Start of Records for processing

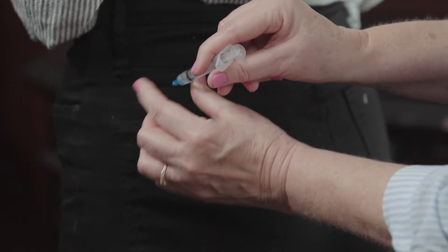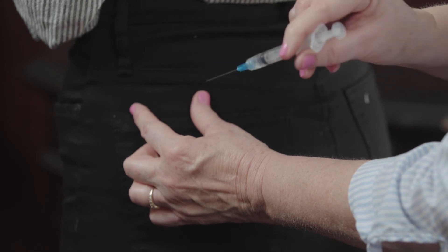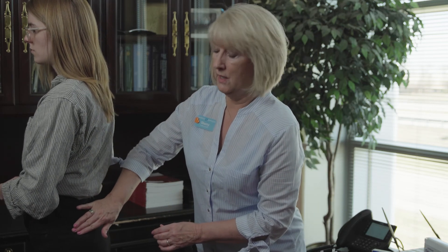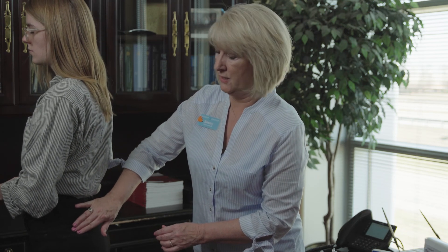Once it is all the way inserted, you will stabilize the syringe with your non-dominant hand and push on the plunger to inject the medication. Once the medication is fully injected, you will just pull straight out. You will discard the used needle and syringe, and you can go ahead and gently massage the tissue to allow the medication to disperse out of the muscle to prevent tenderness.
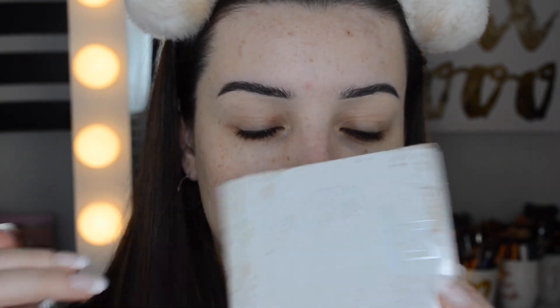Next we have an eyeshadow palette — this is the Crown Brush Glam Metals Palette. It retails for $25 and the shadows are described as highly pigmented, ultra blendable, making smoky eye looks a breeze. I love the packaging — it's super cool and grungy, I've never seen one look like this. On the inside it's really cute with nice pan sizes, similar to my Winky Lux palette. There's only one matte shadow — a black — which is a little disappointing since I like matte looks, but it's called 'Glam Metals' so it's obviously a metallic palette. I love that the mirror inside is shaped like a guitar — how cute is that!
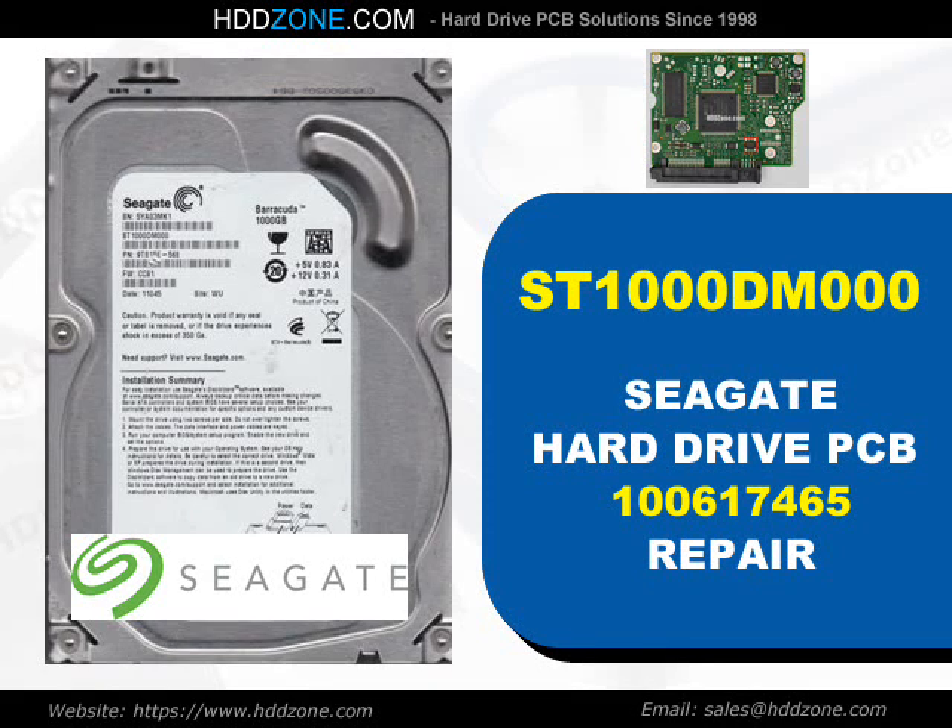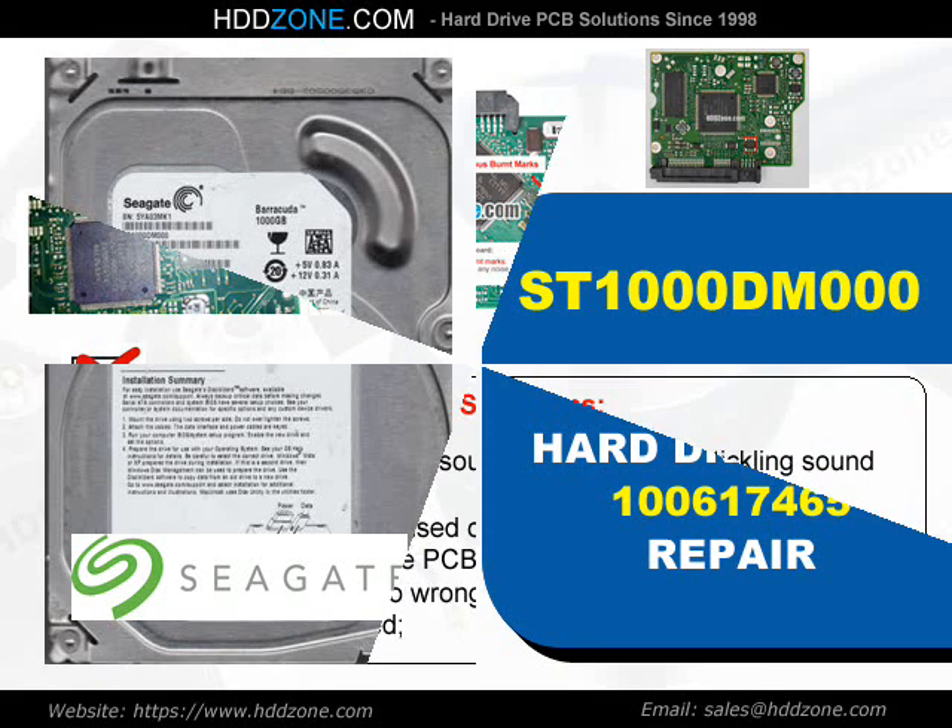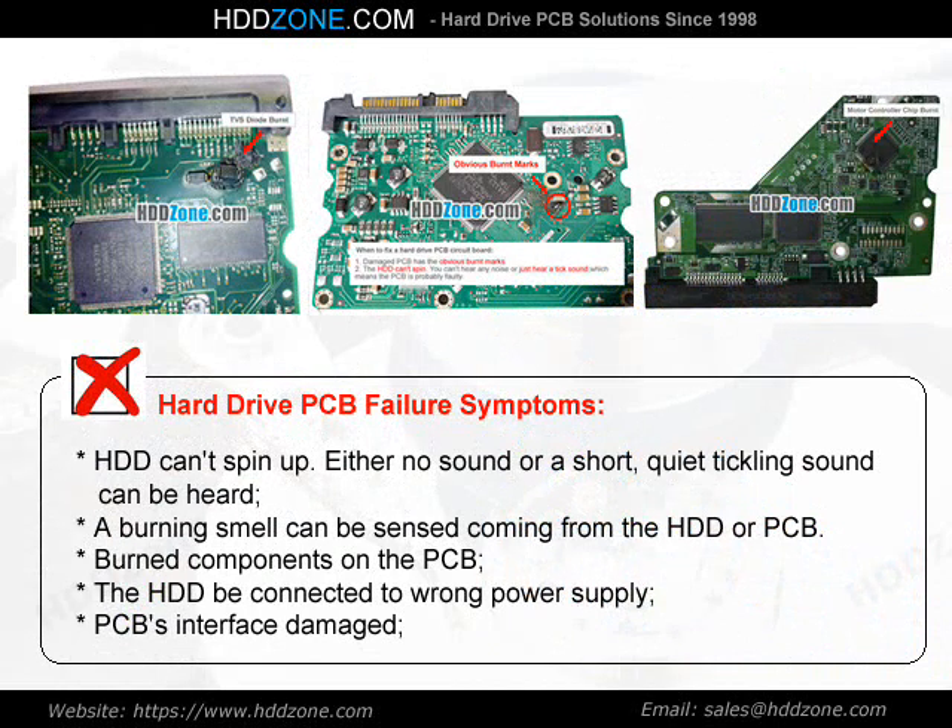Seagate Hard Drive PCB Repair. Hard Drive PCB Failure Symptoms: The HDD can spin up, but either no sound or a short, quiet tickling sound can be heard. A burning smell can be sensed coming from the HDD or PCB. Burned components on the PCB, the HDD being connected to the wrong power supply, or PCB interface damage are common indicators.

End of Records for processing
Start of Records for processing

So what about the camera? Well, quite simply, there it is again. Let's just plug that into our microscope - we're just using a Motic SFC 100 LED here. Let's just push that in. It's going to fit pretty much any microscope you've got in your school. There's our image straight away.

End of Records for processing
Start of Records for processing

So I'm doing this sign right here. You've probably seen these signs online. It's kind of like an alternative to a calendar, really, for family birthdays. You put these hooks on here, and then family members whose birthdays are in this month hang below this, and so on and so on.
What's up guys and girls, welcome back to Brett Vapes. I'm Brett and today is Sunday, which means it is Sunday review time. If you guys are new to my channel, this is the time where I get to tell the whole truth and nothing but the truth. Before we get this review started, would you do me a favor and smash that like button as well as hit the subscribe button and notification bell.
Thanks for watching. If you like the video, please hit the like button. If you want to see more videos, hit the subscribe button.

End of Records for processing

● Task directions: Your task is to collect every line above that contains the word "subscribe".

● Exercise output:
What's up guys and girls, welcome back to Brett Vapes. I'm Brett and today is Sunday, which means it is Sunday review time. If you guys are new to my channel, this is the time where I get to tell the whole truth and nothing but the truth. Before we get this review started, would you do me a favor and smash that like button as well as hit the subscribe button and notification bell.
Thanks for watching. If you like the video, please hit the like button. If you want to see more videos, hit the subscribe button.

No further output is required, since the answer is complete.